*SUPPLIED INFORMATION*:
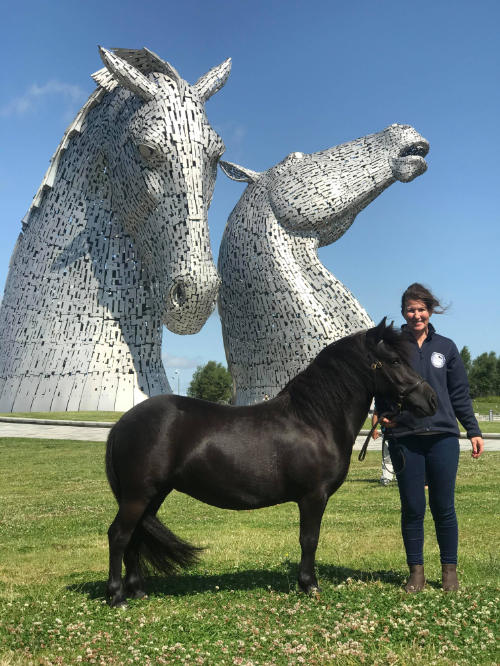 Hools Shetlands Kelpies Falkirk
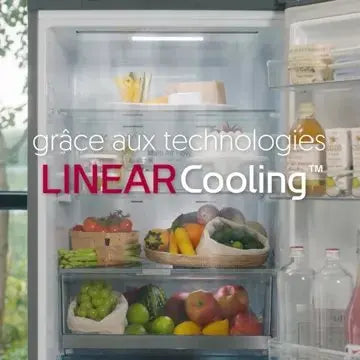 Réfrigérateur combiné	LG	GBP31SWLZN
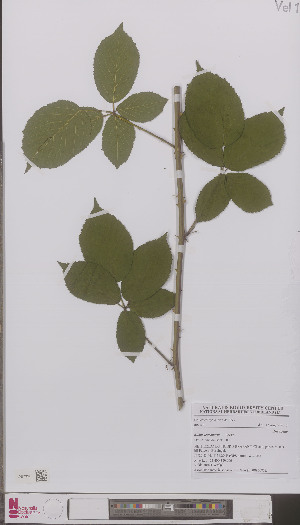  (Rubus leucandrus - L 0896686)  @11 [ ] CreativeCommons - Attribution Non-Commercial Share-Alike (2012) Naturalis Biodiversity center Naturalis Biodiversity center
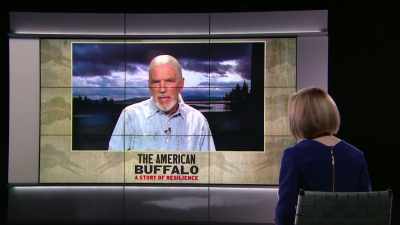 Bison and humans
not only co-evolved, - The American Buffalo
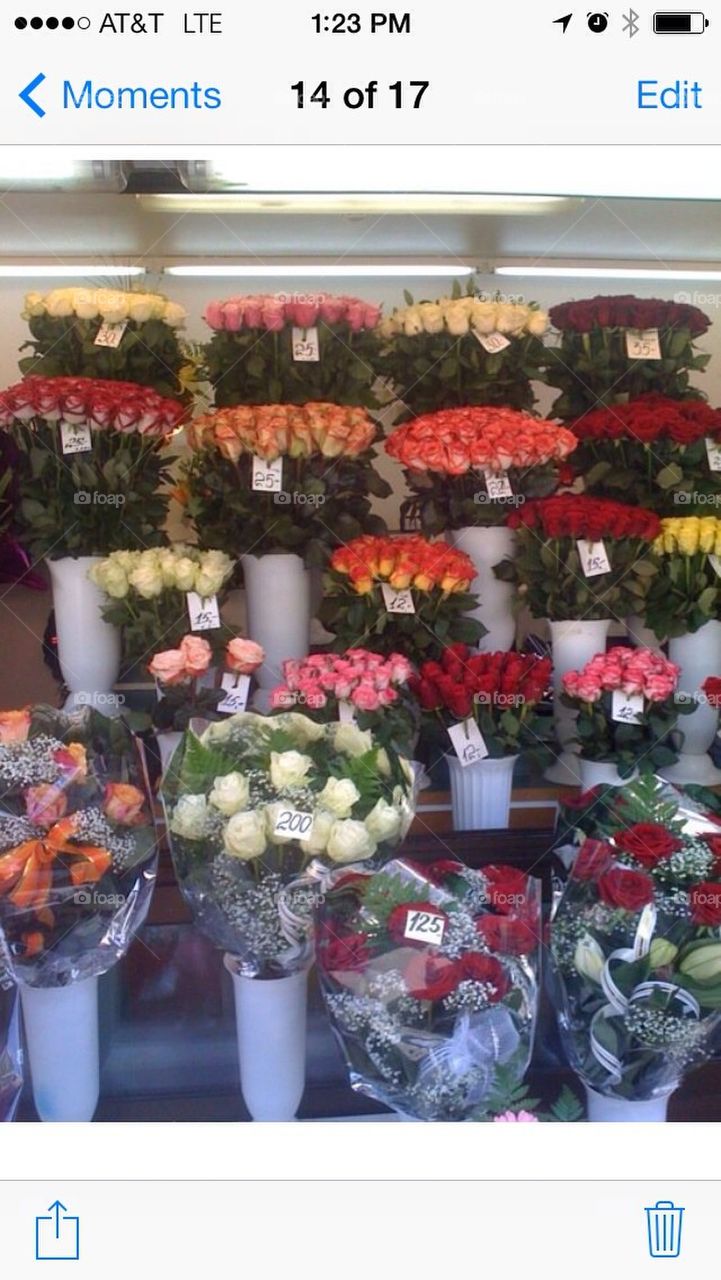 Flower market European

==

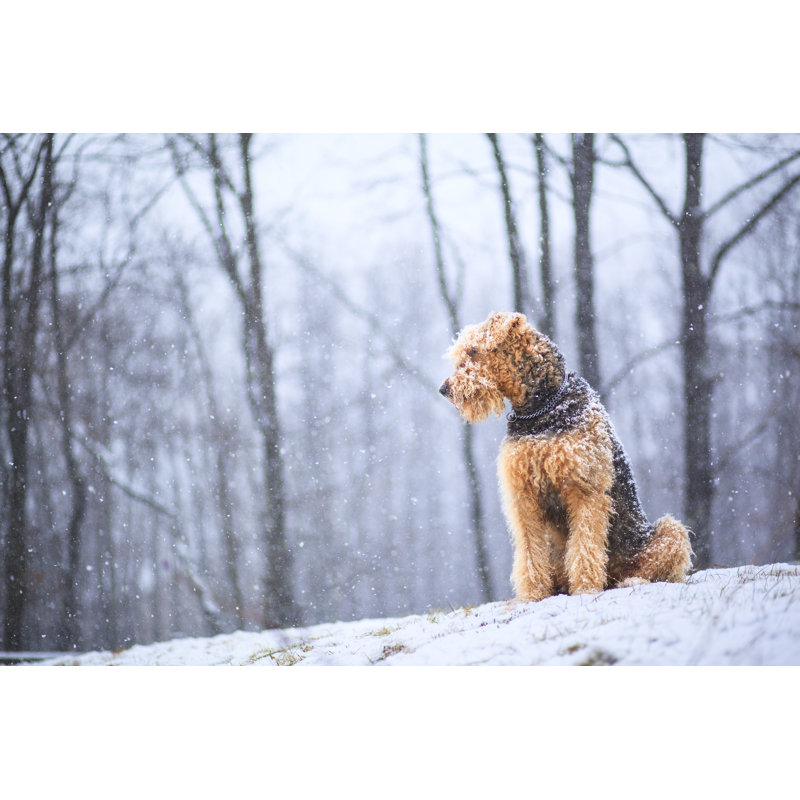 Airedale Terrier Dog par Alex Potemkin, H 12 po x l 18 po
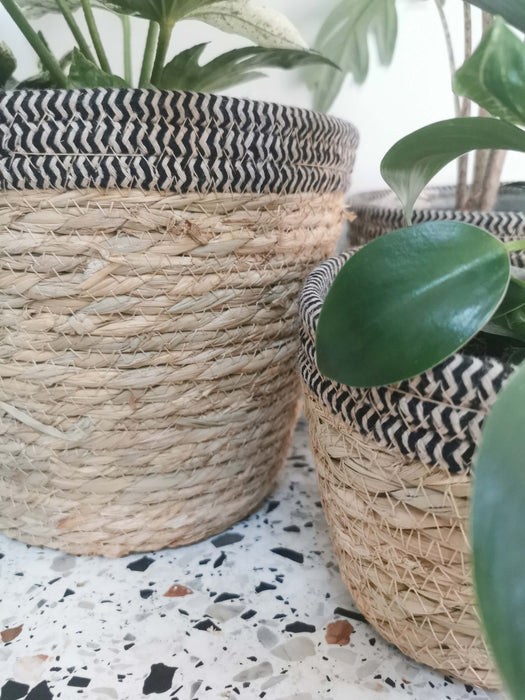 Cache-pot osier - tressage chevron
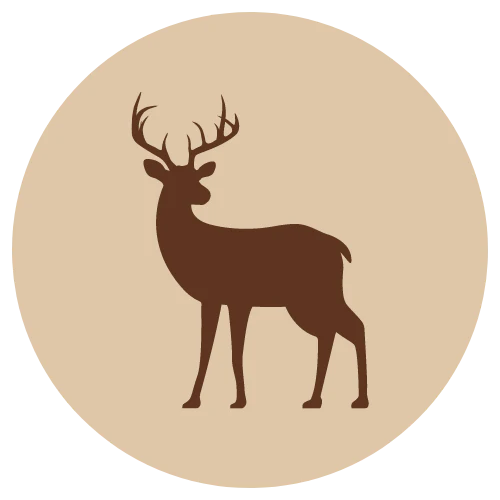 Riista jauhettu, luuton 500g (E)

*EXERCISE AIM*:
Return, exactly as they stand, the lines above from the one with "Bison and humans" to the one with "Flower market European", omitting any pictures among them.

*ANSWER BELOW*:
 Bison and humans
not only co-evolved, - The American Buffalo
 Flower market European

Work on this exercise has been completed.